The door opened. She heard an interloper in the hall being shooed away. “Babies are out. Babies are out. No one’s allowed on the floor.” She turned out the overhead light, smoothed the bed, unhooked her bra, and waited. She could hear Cassie’s cry echoing in the hall. When she arrived, she was crying so hard her eyes were squeezed shut and her body was shaking. She began sucking without missing a beat. Every third or fourth swallow made her choke, but she kept on eating. She choked, gulped, and shivered until, exhausted and sated, she fell asleep.
Her forehead was slightly sloped from birth; otherwise she was a near image of her mother but with different coloring.
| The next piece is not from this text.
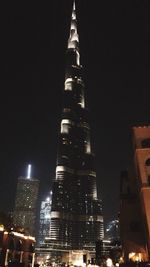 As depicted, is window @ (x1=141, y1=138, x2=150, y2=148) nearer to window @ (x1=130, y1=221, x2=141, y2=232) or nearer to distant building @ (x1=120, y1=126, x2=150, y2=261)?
distant building @ (x1=120, y1=126, x2=150, y2=261)

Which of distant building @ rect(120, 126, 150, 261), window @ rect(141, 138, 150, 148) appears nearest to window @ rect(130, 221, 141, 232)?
distant building @ rect(120, 126, 150, 261)

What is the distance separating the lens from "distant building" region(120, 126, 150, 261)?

Her eyes and hair were dark brown and her skin was faintly tinted. Star prodded to loosen one of the little fists. The baby opened her eyes and grabbed her mother’s finger tightly. “Hey,” said Star, smiling down at her daughter, “you’re a strong little girl. Do you know I’m your mom?”
When Paul took them home from the hospital, he urged Star to put in a transatlantic call to her mother.
“It’ll cost a fortune.”
“Never mind. We can afford it. It’ll make you feel better.”
There was limited access over the water and calls had to wait their turn. The operator said the best she could do would be six in the morning, Washington time. But then came the disappointing news that no one was home. According to Muffi, who answered, her parents were attending a wine growers’ convention as a special treat for their anniversary.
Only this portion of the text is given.